» **Exercise**: Transcription should be exact. Include all entries.

» **Records to process**:
——————————

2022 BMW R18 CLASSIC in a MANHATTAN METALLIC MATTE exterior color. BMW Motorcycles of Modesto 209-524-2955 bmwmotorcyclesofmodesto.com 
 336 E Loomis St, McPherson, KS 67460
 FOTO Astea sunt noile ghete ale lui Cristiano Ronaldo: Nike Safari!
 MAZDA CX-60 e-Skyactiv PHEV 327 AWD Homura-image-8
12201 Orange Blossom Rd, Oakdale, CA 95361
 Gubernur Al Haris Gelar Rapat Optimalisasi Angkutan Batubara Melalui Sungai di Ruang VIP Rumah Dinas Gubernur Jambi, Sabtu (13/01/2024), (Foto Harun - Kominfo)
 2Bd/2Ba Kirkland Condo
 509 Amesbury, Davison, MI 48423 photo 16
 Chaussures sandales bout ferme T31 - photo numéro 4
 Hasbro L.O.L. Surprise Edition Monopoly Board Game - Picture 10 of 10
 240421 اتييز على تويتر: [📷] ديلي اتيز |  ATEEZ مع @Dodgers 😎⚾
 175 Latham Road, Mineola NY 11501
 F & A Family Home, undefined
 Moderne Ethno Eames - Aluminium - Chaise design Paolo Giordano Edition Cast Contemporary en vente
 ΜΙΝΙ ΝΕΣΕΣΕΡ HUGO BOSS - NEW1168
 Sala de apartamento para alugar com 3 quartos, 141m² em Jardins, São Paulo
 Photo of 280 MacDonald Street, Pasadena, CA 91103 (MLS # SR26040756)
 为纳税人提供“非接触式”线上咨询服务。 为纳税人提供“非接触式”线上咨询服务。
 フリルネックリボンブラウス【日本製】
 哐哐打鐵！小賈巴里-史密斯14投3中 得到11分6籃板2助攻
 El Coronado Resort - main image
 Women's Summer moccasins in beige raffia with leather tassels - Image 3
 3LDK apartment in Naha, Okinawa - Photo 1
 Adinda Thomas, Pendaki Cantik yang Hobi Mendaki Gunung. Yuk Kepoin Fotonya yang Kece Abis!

——————————

» **Answer to this exercise**:
2022 BMW R18 CLASSIC in a MANHATTAN METALLIC MATTE exterior color. BMW Motorcycles of Modesto 209-524-2955 bmwmotorcyclesofmodesto.com 
 336 E Loomis St, McPherson, KS 67460
 FOTO Astea sunt noile ghete ale lui Cristiano Ronaldo: Nike Safari!
 MAZDA CX-60 e-Skyactiv PHEV 327 AWD Homura-image-8
12201 Orange Blossom Rd, Oakdale, CA 95361
 Gubernur Al Haris Gelar Rapat Optimalisasi Angkutan Batubara Melalui Sungai di Ruang VIP Rumah Dinas Gubernur Jambi, Sabtu (13/01/2024), (Foto Harun - Kominfo)
 2Bd/2Ba Kirkland Condo
 509 Amesbury, Davison, MI 48423 photo 16
 Chaussures sandales bout ferme T31 - photo numéro 4
 Hasbro L.O.L. Surprise Edition Monopoly Board Game - Picture 10 of 10
 240421 اتييز على تويتر: [📷] ديلي اتيز |  ATEEZ مع @Dodgers 😎⚾
 175 Latham Road, Mineola NY 11501
 F & A Family Home, undefined
 Moderne Ethno Eames - Aluminium - Chaise design Paolo Giordano Edition Cast Contemporary en vente
 ΜΙΝΙ ΝΕΣΕΣΕΡ HUGO BOSS - NEW1168
 Sala de apartamento para alugar com 3 quartos, 141m² em Jardins, São Paulo
 Photo of 280 MacDonald Street, Pasadena, CA 91103 (MLS # SR26040756)
 为纳税人提供“非接触式”线上咨询服务。 为纳税人提供“非接触式”线上咨询服务。
 フリルネックリボンブラウス【日本製】
 哐哐打鐵！小賈巴里-史密斯14投3中 得到11分6籃板2助攻
 El Coronado Resort - main image
 Women's Summer moccasins in beige raffia with leather tassels - Image 3
 3LDK apartment in Naha, Okinawa - Photo 1
 Adinda Thomas, Pendaki Cantik yang Hobi Mendaki Gunung. Yuk Kepoin Fotonya yang Kece Abis!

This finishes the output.